"We Know This Might Feel Restrictive" - Commodore Explains Why It's Locking Down The C64 Ultimate 1
Image: Damien McFerran / Time Extension

The newly revived Commodore International has just issued a firmware update for its C64 Ultimate home computer and has outlined why it's locking down the software at the same time.

The new update adds USB mouse support, improves the BASIC editor and adds a "music-detect" mode for the Starlight and Founders Editions, but it's the accompanying blog post – entitled "Why We're Protecting Your Commodore 64 Ultimate FPGA" – that has arguably attracted the most attention.

"The Commodore 64 Ultimate is not a static product," says Commodore's Marc Bilodeau in the post.

"There will be new hardware revisions, new components, and new capabilities! This is foundational to our roadmap and, frankly, core to the Commodore 64 Ultimate's value proposition. But it also means that firmware built for a different board may not behave safely on ours. In other words, if deployed, it could lead to hardware returns and replacements due to actions entirely out of our control. This would have significant financial implications for Commodore, a brand that we know holds a special place in your heart."

The post adds:

"We just cannot officially support patches we did not create or actively maintain. If a third-party patch causes an issue with your Commodore 64 Ultimate, that will fall outside the scope of what our support or warranty teams can help with. The author of any such patch bears full responsibility for its behavior on your hardware, and as such, they will need to provide the support."

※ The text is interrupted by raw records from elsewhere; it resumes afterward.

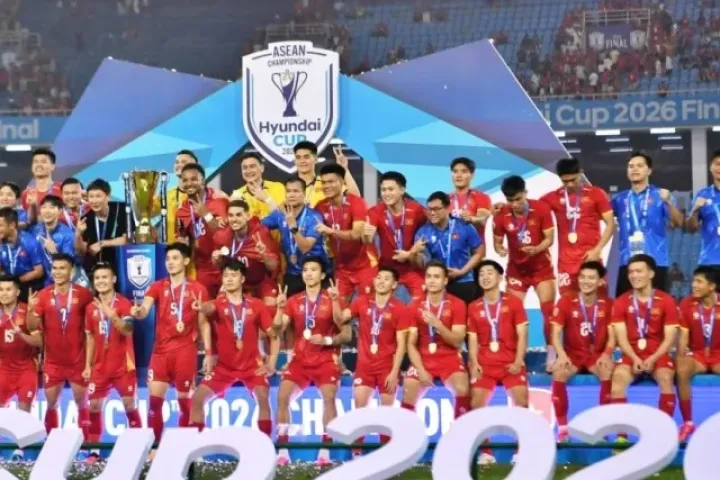 FIFA cắt sâu tiền thưởng FIFA ASEAN Cup 2026 vì khó bán bản quyền giải đấu?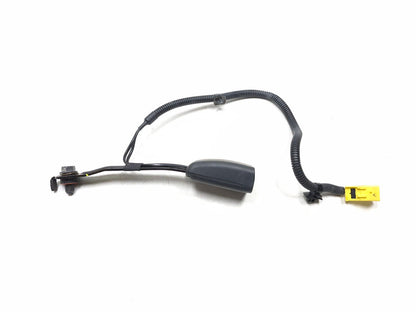 2014 Hyundai Accent Front Left Driver Seat Belt Buckle Latch OEM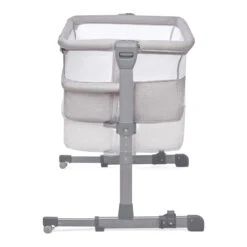 Kinderkraft Neste Air Grey Wieg Aan Bed KKLNEAIRGRY000 17 Kinderkraft Neste Air Grey Wieg Aan Bed KKLNEAIRGRY000 -Baby Thuis Verkoop kinderkraft neste air grey wieg aan bed kklneairgry000 .5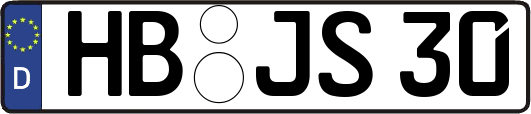 HB-JS30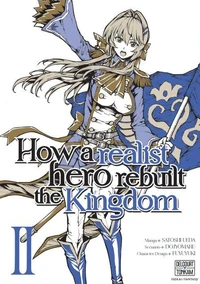 How a Realist Hero Rebuilt the Kingdom T02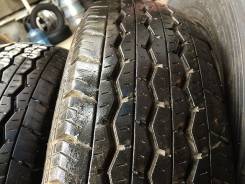 Bridgestone RD613 Steel. Летние, 2005 год, износ: 60%, 1 шт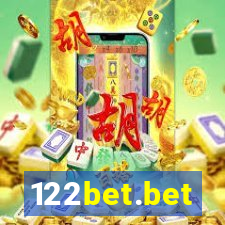 122bet.bet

Simply put, Commodore is locking down the firmware to prevent issues that could lead to C64 Ultimate owners unduly badgering customer service.

That might sound like a very basic way of framing it, but Commodore admits in the same post that the opposite is also true:

"Our firmware updates, optimized for the Commodore 64 Ultimate's evolving platform, could introduce incompatibilities with third-party products that haven't been updated to match. This isn't hypothetical. We've seen it already in recent community posts, after users performed updates with the wrong firmware and found their machines in a non-functioning state. Then they contacted Commodore. It's an engineering reality we need to get ahead of now, not after more units stops working."

Commodore is implementing a system which will prevent "non-Commodore FPGA-level firmware builds from being installed on the Commodore 64 Ultimate", but admits that it is "still considering alternative approaches and evaluating which path best balances user freedom with user protection," and that user feedback is welcome when it comes to shaping that decision.

"We hope this explains why we've taken the reasonable stance we did, and cannot provide support for firmware we did not build," concludes the post. "We've already received support requests from users who loaded third-party firmware onto their Commodore 64 Ultimate and encountered issues. Problems our team had no hand in creating, nor the ability to diagnose. That isn't sustainable, and it isn't fair to the users who come to us expecting help for other things."

Of course, this doesn't mean that someone, somewhere won't 'crack' the firmware – something which is common on systems made by the likes of Sony, Nintendo and Microsoft.